_Task to carry out_: Shown below are entries with pictures; the line with "ShapeSort - Houten Montessori Puzzelspel" through the line with "Názorová mapa Plzeňského" is the span to retype exactly, and the pictures stay out.

_Material for this exercise_:
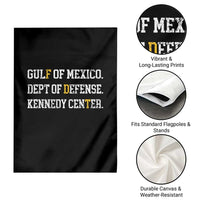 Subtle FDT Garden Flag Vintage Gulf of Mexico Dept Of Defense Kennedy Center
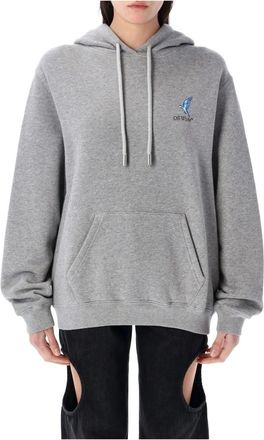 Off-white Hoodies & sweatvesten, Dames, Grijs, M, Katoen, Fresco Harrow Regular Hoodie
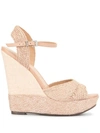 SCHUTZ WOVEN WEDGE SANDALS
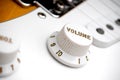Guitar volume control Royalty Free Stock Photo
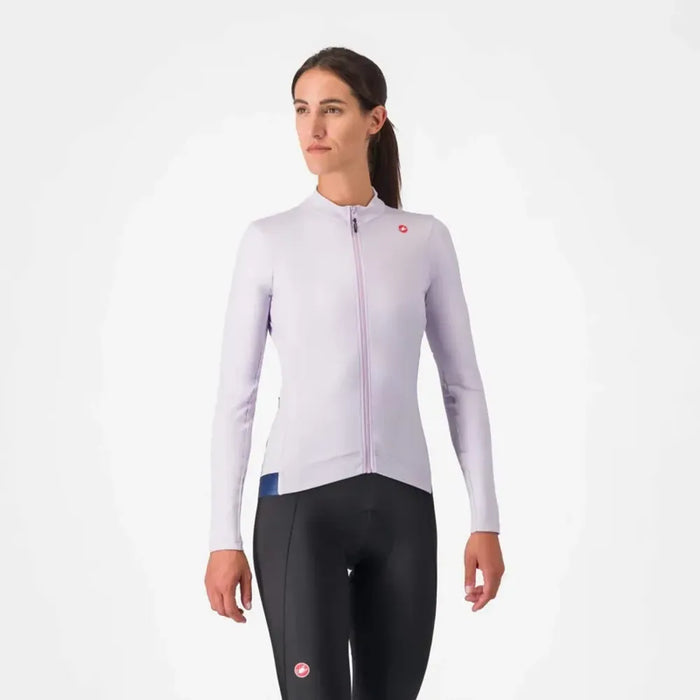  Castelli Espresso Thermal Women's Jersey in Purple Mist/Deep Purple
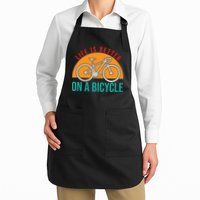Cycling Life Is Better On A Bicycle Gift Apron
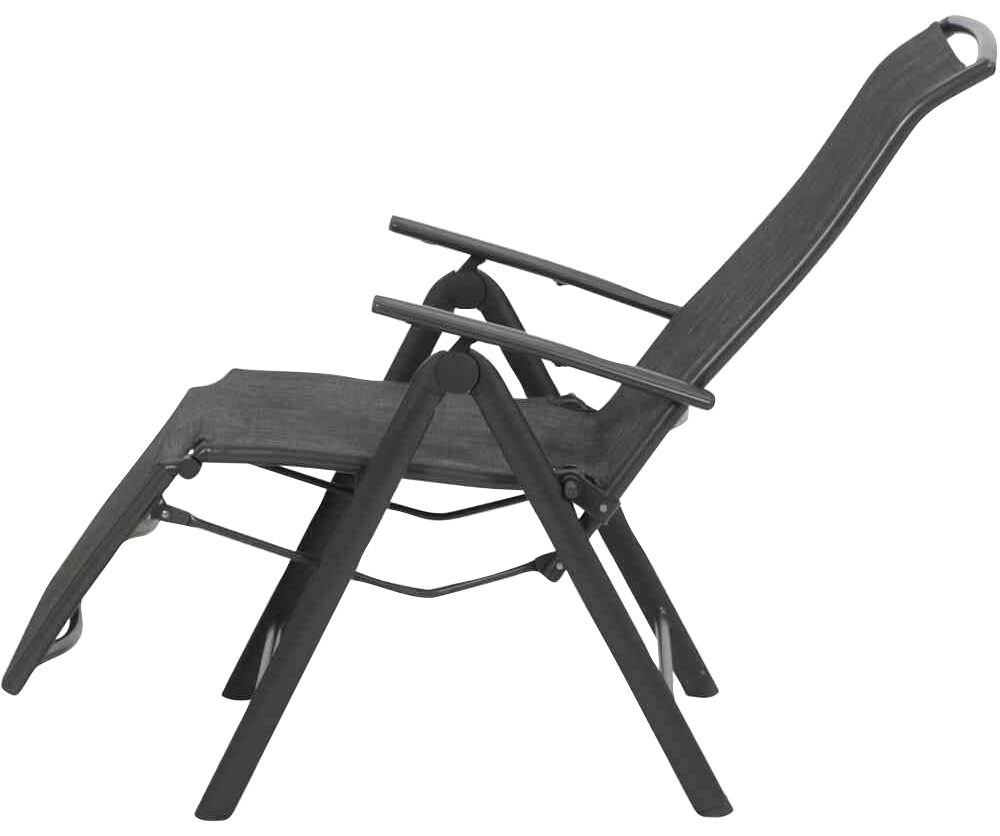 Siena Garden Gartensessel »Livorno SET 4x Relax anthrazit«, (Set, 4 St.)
---
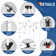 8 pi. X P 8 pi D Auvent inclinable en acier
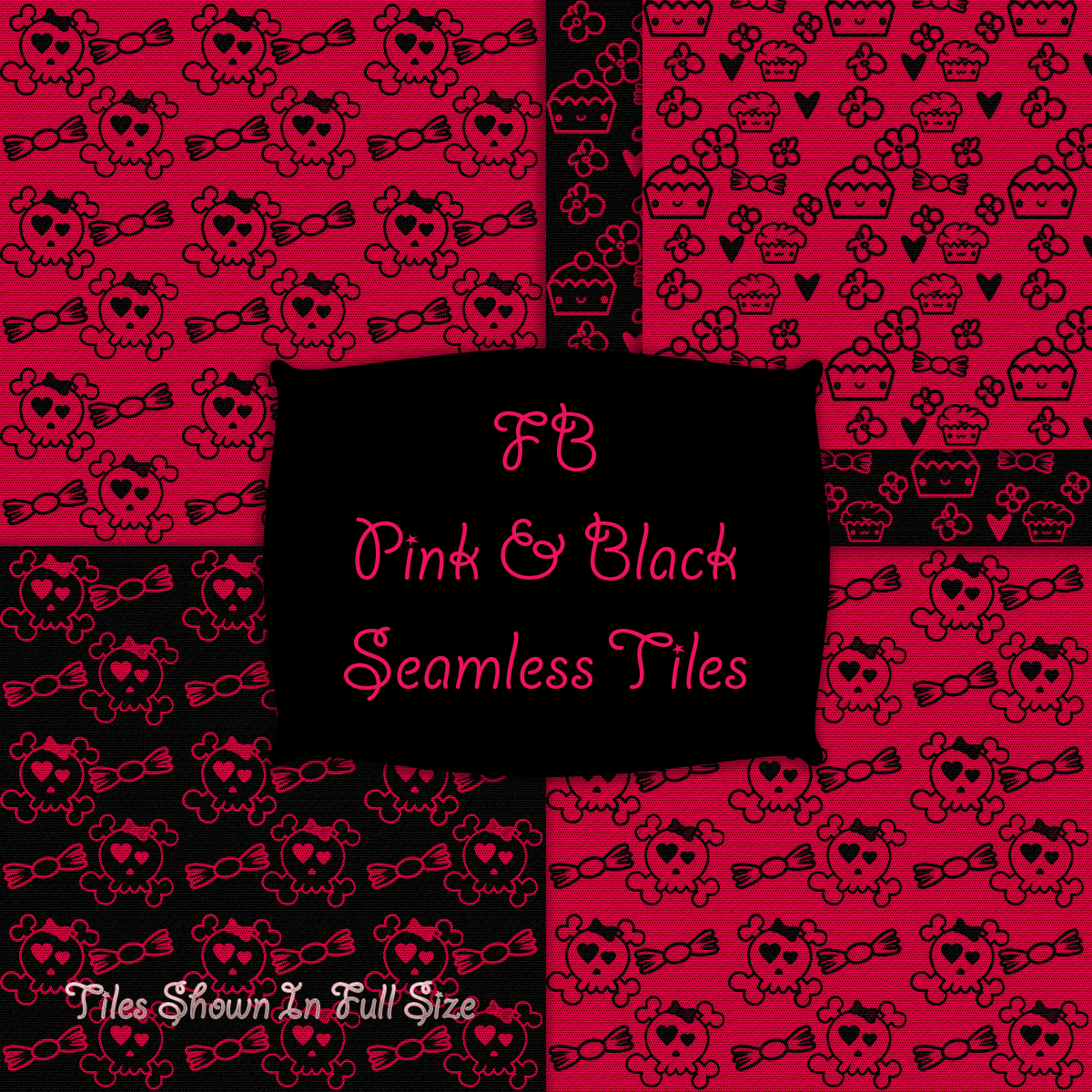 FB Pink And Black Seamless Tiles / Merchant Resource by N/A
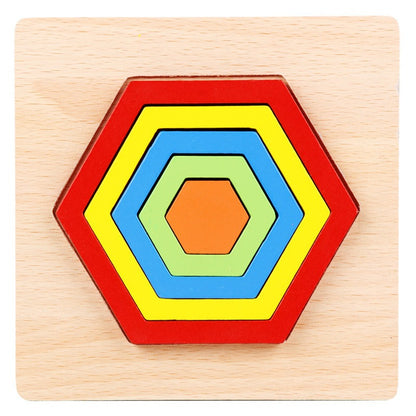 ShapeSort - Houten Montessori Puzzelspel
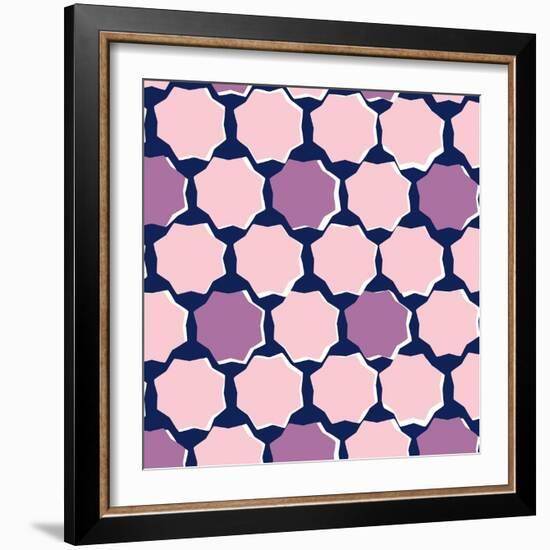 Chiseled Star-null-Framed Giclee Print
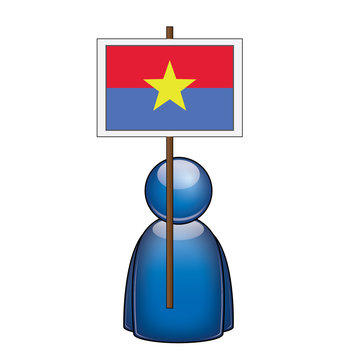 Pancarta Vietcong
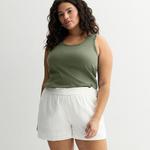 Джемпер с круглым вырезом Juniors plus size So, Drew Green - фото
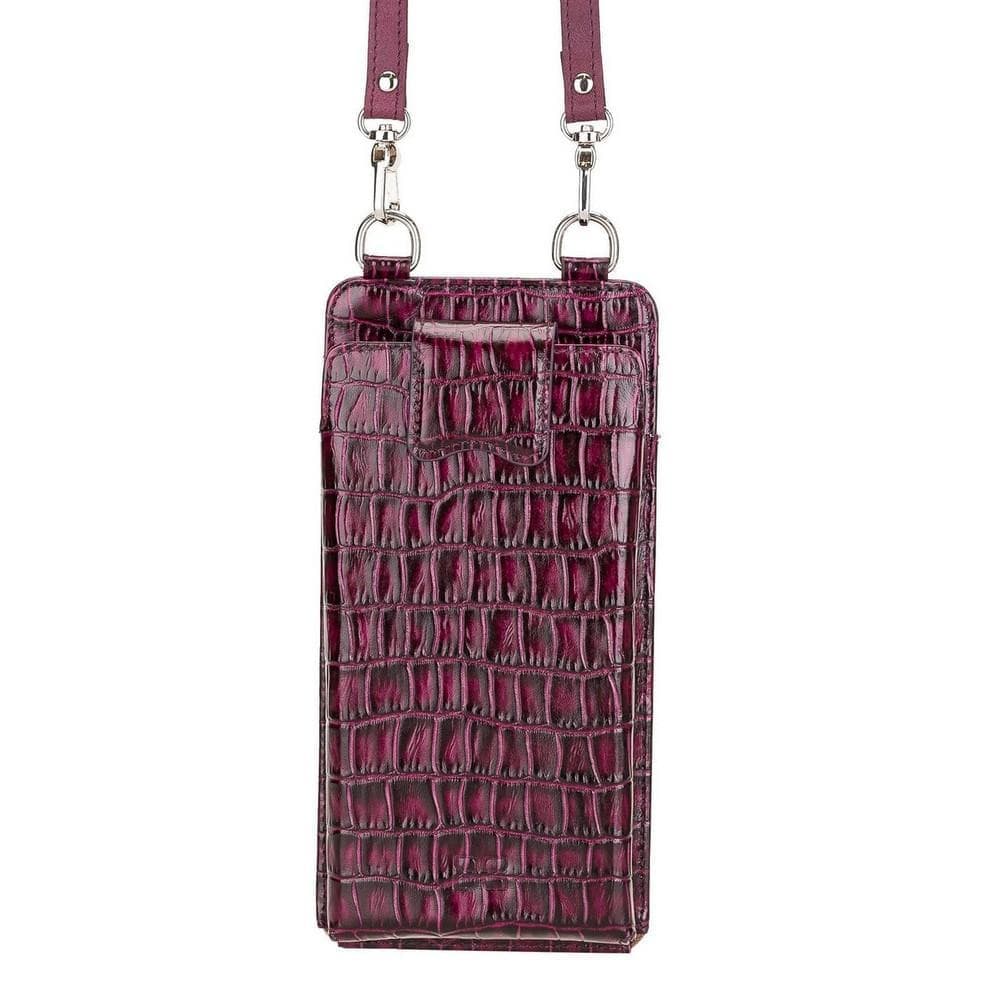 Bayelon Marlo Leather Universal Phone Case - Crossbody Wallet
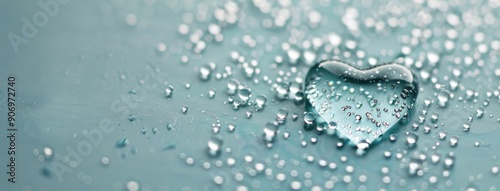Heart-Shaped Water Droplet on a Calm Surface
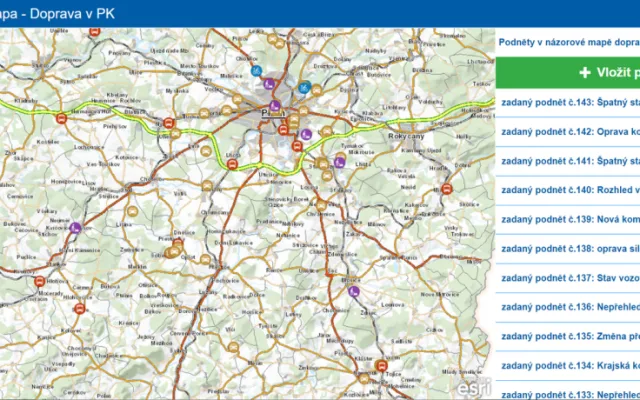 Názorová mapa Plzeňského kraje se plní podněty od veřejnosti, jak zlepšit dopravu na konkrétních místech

_Reply to the task_:
 ShapeSort - Houten Montessori Puzzelspel
 Chiseled Star-null-Framed Giclee Print
 Pancarta Vietcong
 Джемпер с круглым вырезом Juniors plus size So, Drew Green - фото
 Bayelon Marlo Leather Universal Phone Case - Crossbody Wallet
Heart-Shaped Water Droplet on a Calm Surface
 Názorová mapa Plzeňského kraje se plní podněty od veřejnosti, jak zlepšit dopravu na konkrétních místech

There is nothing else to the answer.